There is another reason, however, for studying these two books. Some of the tools of reasoning that are most appropriate to rhetorical and poetical speech are also helpful for philosophy and theology. There are going to be three of those tools, two of them from rhetoric: the enthymeme and the argument by example. The third comes from poetics: the metaphor. In this lesson we will look at rhetoric and poetics especially to consider those tools. We can break up our discussion into two parts. In the first part we will talk about the main rhetorical tools, the enthymeme and the example. In the second we will talk about the main poetic tool, the metaphor.

Rhetoric

In order to understand what is going on in Aristotle's Rhetoric, first we are going to take a broad overview of the subject, secondly we are going to focus on the two tools of the enthymeme and the argument by example.

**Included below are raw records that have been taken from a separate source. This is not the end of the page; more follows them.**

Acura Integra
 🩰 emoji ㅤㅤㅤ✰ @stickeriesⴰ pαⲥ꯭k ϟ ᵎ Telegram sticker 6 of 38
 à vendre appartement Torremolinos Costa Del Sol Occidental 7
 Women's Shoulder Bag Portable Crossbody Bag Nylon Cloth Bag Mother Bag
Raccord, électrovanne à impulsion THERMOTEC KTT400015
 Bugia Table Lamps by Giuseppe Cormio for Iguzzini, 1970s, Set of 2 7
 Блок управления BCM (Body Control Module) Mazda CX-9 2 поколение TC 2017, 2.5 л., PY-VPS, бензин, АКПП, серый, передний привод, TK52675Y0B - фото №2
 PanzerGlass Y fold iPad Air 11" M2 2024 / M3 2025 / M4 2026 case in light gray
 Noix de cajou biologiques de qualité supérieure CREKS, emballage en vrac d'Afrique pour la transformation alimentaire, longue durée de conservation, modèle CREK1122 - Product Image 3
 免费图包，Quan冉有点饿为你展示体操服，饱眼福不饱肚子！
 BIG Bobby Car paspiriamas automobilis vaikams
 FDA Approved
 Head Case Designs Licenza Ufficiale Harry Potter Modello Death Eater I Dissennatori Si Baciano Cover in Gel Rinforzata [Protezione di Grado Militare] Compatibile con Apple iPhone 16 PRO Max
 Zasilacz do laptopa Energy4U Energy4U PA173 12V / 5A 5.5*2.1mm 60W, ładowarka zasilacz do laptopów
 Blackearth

At the beginning the Rhetoric, Aristotle explains what rhetoric is by a comparison with dialectic. Rhetoric and dialectic share three main features. First, both the rhetorician and dialectician can argue on both sides of an issue. The dialectician, we saw, wants to defend his side and attack the other, but he may be pitted against a dialectician who is doing the same thing. Then both of the opponents in a dispute are using the dialectical power. Thus the power of dialectic is a power to argue both sides of an issue. The same is true in rhetoric. When two orators oppose each other on some course of action, they both use rhetorical arguments to try to persuade their audience. Like dialectic, rhetoric is a power that can be used on either side of an issue. On contrast, the demonstrator can argue only for one side of an issue. There is no geometrician who is going to give a proof contrary to Euclid's demonstration that the angles of a triangle add up to 180 degrees. Euclid's proof settles the matter. There is no opposing demonstration.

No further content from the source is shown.